Data
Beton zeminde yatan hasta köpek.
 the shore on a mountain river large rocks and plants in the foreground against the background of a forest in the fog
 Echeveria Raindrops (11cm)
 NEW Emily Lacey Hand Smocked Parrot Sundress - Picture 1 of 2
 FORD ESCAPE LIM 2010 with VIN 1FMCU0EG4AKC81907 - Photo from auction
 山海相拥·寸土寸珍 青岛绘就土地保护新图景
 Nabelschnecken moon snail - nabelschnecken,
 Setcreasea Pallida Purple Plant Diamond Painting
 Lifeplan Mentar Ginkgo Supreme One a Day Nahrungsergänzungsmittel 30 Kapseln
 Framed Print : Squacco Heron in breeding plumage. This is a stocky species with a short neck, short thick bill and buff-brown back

What is being asked
The response should contain each record above, retyped exactly.

Reply
Beton zeminde yatan hasta köpek.
 the shore on a mountain river large rocks and plants in the foreground against the background of a forest in the fog
 Echeveria Raindrops (11cm)
 NEW Emily Lacey Hand Smocked Parrot Sundress - Picture 1 of 2
 FORD ESCAPE LIM 2010 with VIN 1FMCU0EG4AKC81907 - Photo from auction
 山海相拥·寸土寸珍 青岛绘就土地保护新图景
 Nabelschnecken moon snail - nabelschnecken,
 Setcreasea Pallida Purple Plant Diamond Painting
 Lifeplan Mentar Ginkgo Supreme One a Day Nahrungsergänzungsmittel 30 Kapseln
 Framed Print : Squacco Heron in breeding plumage. This is a stocky species with a short neck, short thick bill and buff-brown back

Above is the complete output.